Your objective:
Write the data out again exactly, dropping any images it holds.

-- Data follows --

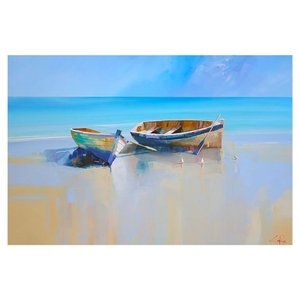 Afternoon Gulls Canaleta 60x40cm Preta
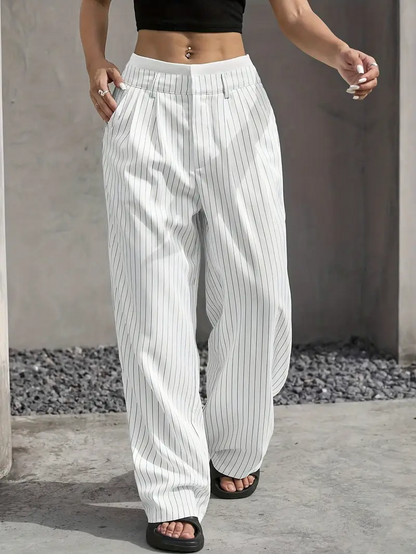 Petra Pinstripe Trouser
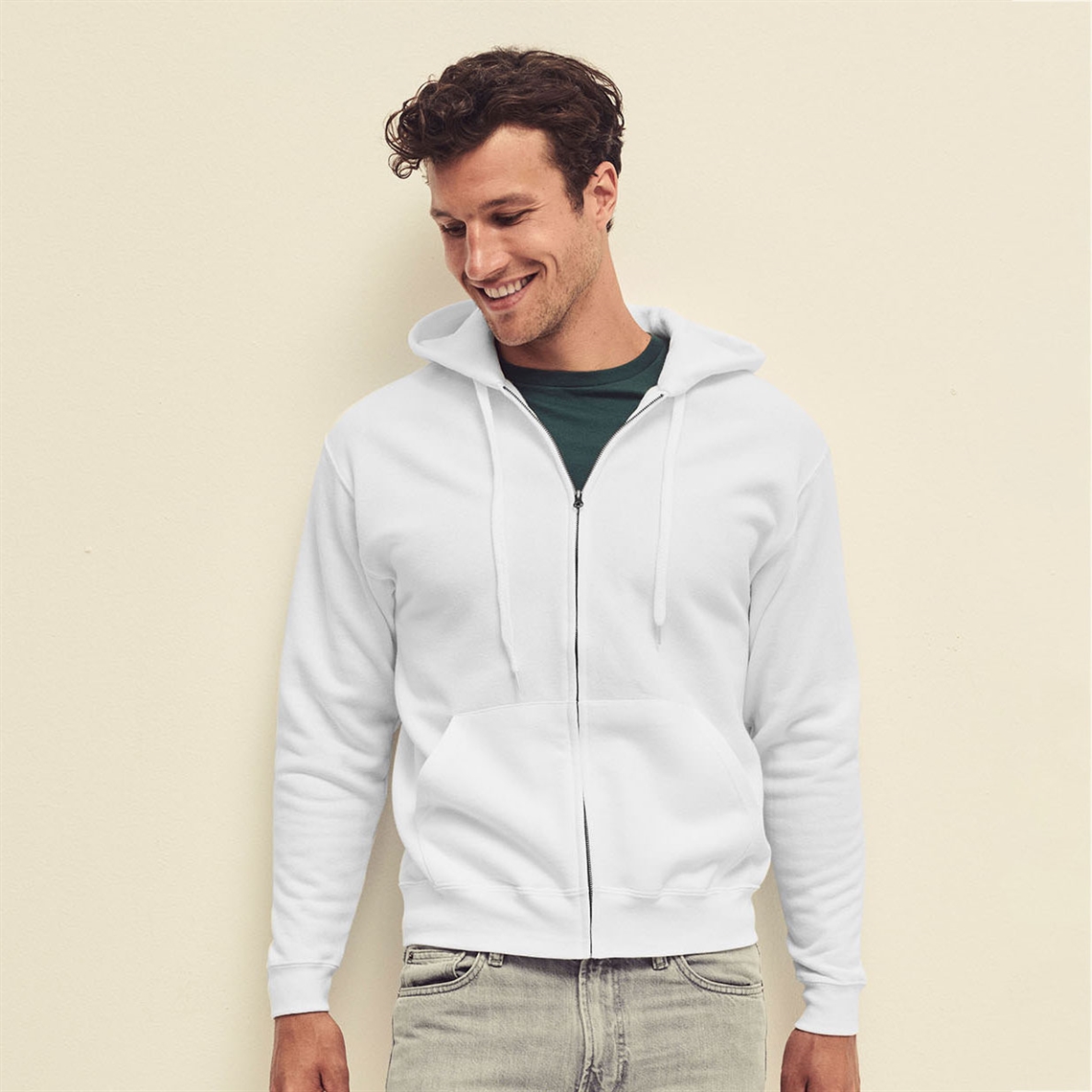 Fruit of the loom zip up hoodie 2025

-- Data concluded --

Exercise result:
 Afternoon Gulls Canaleta 60x40cm Preta
 Petra Pinstripe Trouser
 Fruit of the loom zip up hoodie 2025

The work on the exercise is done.